## Task item
None of the pictures should appear; the lines from the line containing "CHANEL - Black" through the last line of the listing must be repeated exactly.

## Input data
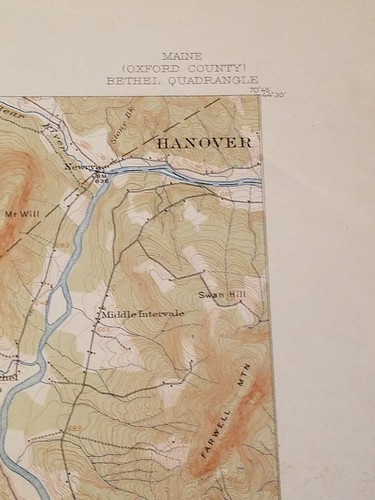 1912 topography map state of Maine Oxford County Bethel quadrangle 20x16.5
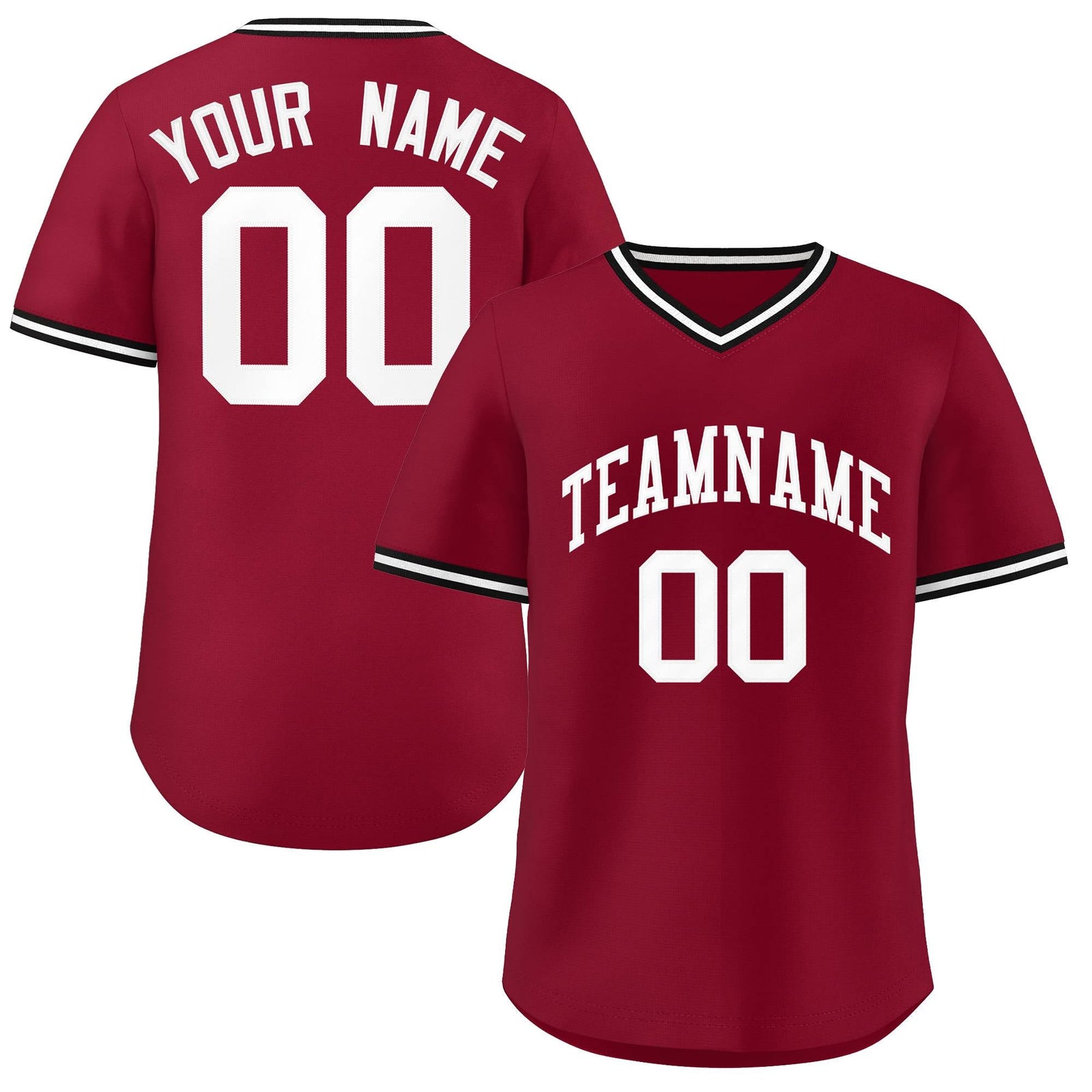 Custom Crimson Classic Style Outdoor Authentic Pullover Baseball Jersey
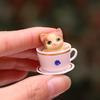8Pcs Cat Ornament Mini Hand Painted Realistic Collectible DIY Accessories Adorable Cake Topper Teacup Cat Figurine Desktop Decor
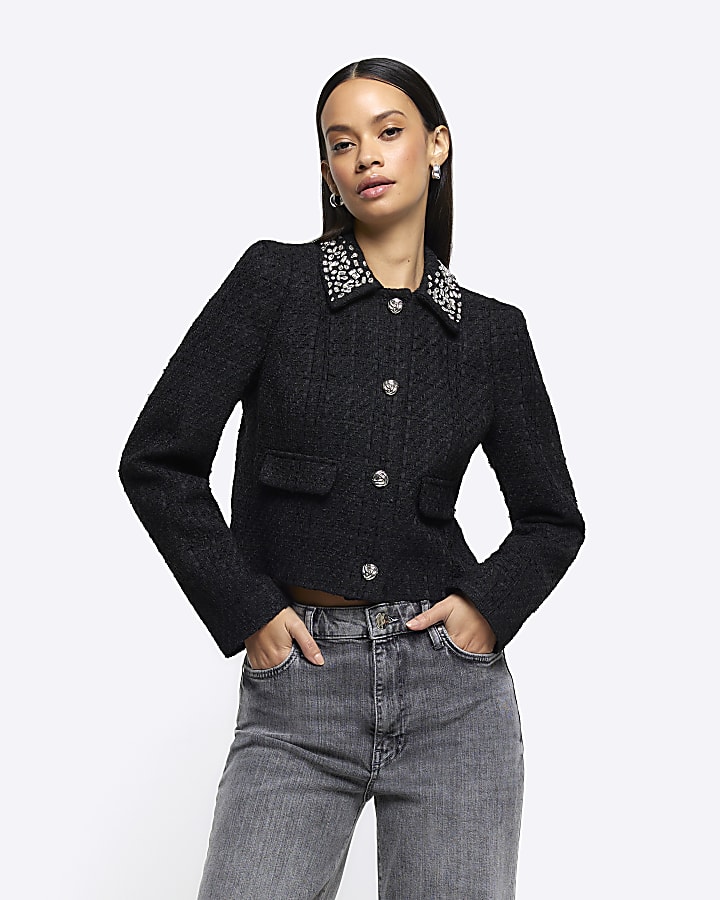 Black embellished collar crop jacket | River Island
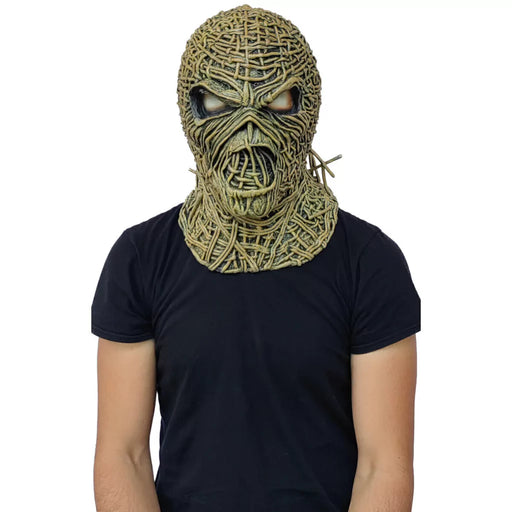 Máscara de látex de Eddie The Wicker Man de Iron Maiden con textura de mimbre (vista 2)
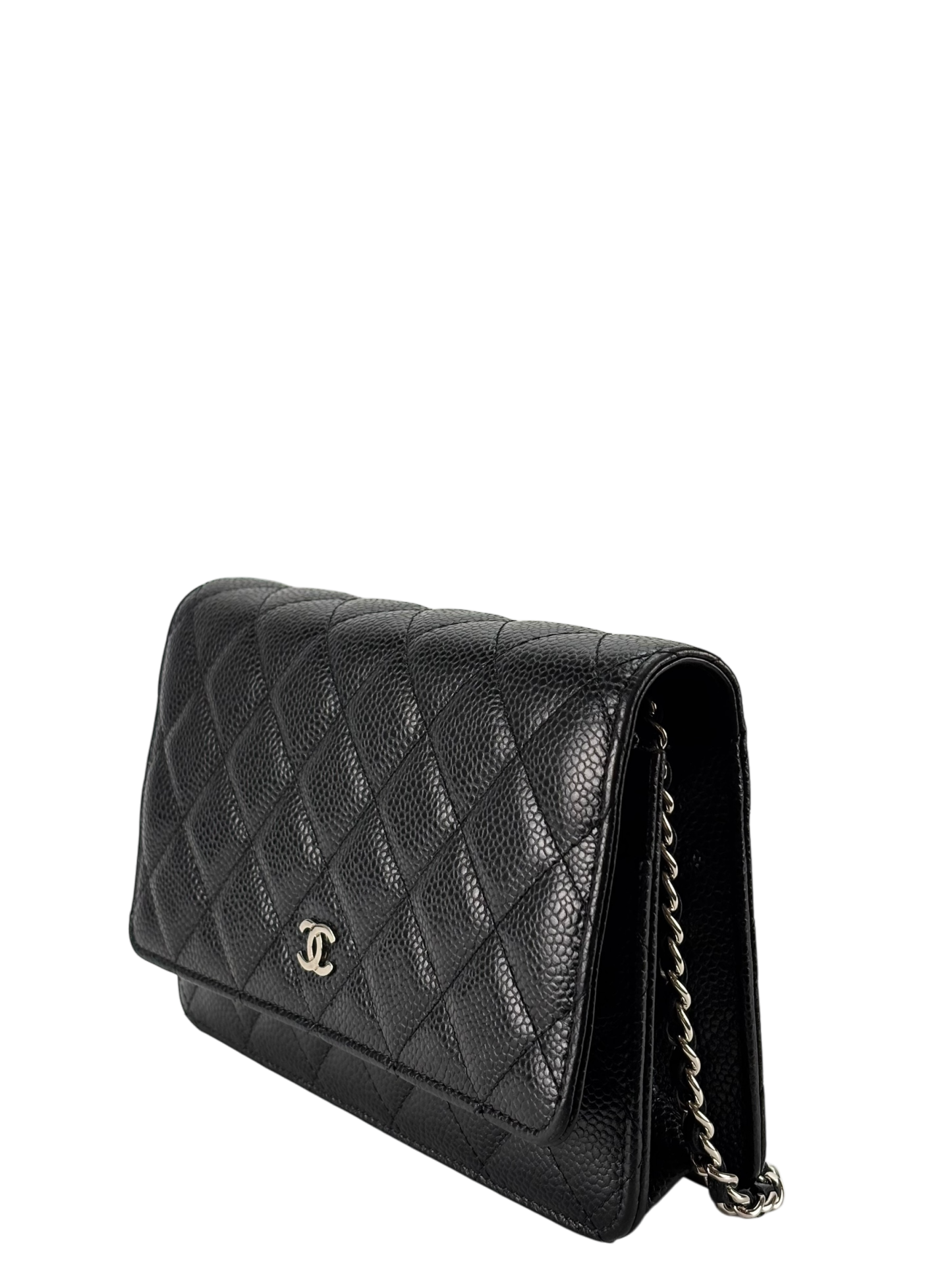 CHANEL - Black Caviar Wallet On Chain Sliver-Tone Metal (WOC)
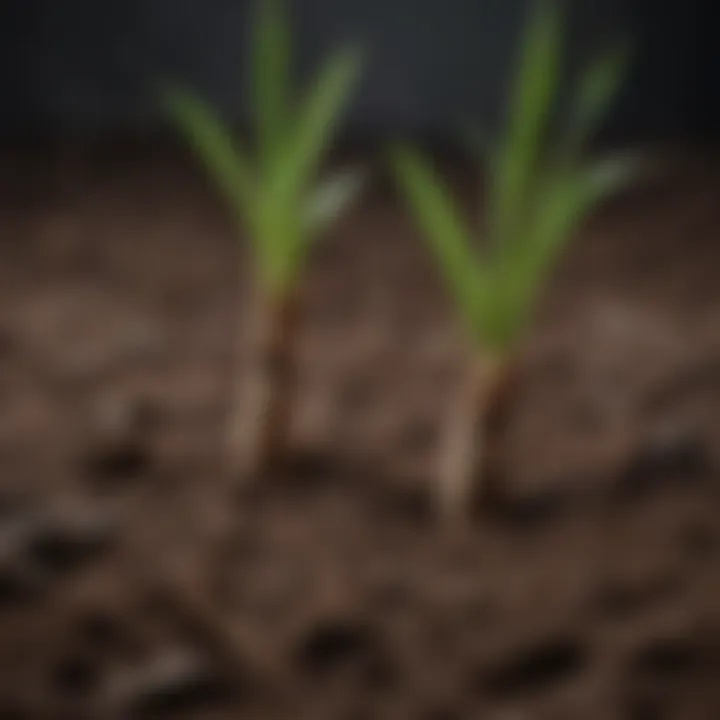 Close-up of bamboo shoots emerging from the ground, illustrating growth stages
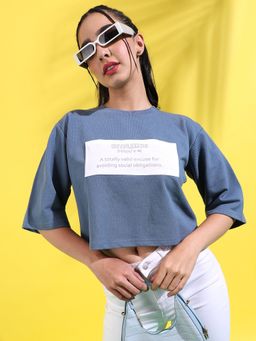 PINACOLADA - Womens Icy Blue Typographic Print Top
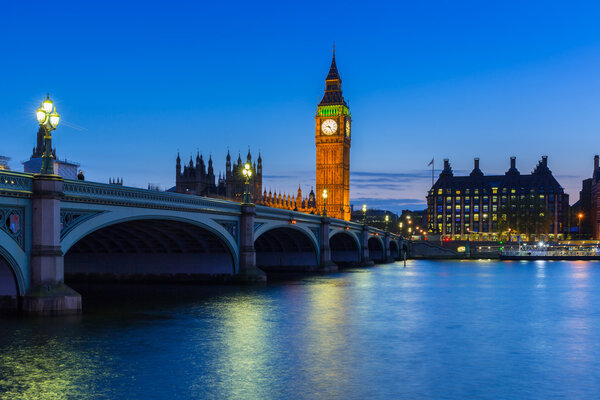 Big Ben and Palace of Westminster in London at night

## The completed task
 CHANEL - Black Caviar Wallet On Chain Sliver-Tone Metal (WOC)
 Close-up of bamboo shoots emerging from the ground, illustrating growth stages
 PINACOLADA - Womens Icy Blue Typographic Print Top
 Big Ben and Palace of Westminster in London at night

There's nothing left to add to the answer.